You know for a long time I misinterpreted the title of the book Steps to an Ecology of Mind. I thought, because I was trained as a psychologist which sort of put blinders on me, that he was describing how we could understand the way the human mind worked. Over the course of year, more so in the last few years, I began to realize he was describing something completely different. Mind of course is not human mind but some larger system (almost spiritual) that we live within and sets us up on a trajectory of behavior. Steps are the sometimes continuous feedback loops that change us so we become more adapted to the needs of the ecology created by the Mind, in turn also changing the ecology of the Mind. In his other book Mind and Nature he has a great metaphor - the bumps we experience in our lives that force us to re-adjust. So in a sense I think Bateson is making a developmental argument.

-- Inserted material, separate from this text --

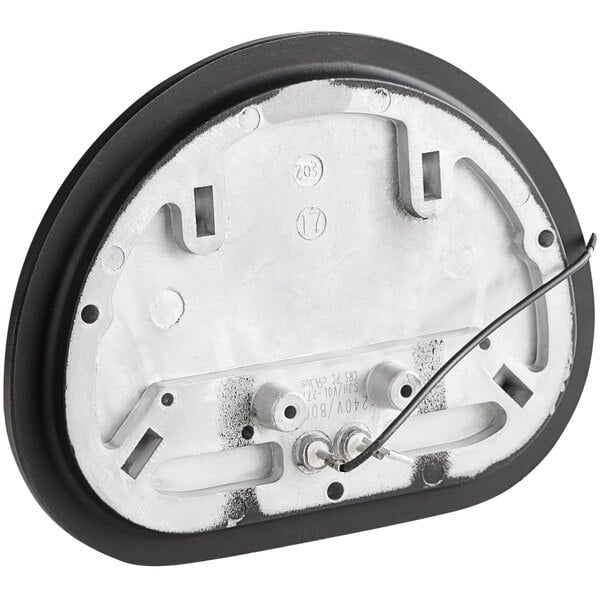 A black and silver round heating element with a wire.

So where did the axe come from? Do we really need to know that (I think cybernetics in general echoes Pragmatism in that it focuses on the activities we are engaged in at the moment). What  the person wielding the act will do is of course based in part on who he is but also on the feedback he is getting from the purposeful activity of cutting down the tree.  I once tried to cut down a tree. I didn't get very far. In other words the feedback was "the tree is winning!" I threw down my axe and said probably out loud, "This is stupid" and went back to camp and ate a peanut butter sandwich. But what if you wanted to help me, or I wanted to help myself, cut down the true. What is I wanted to jigger with the feedback loop. Then I have to remember that I am in the feedback loop as well as the action of the axe and the action of the tree. Meaning I can't say to myself, oh there must be a better way to cut down this tree. Let me go look at the research on tree cutting. Manipulating my capabilities is not that easy, because while I am trying to manipulate the feedback loop I am in the feedback loop, I am an integral part of me.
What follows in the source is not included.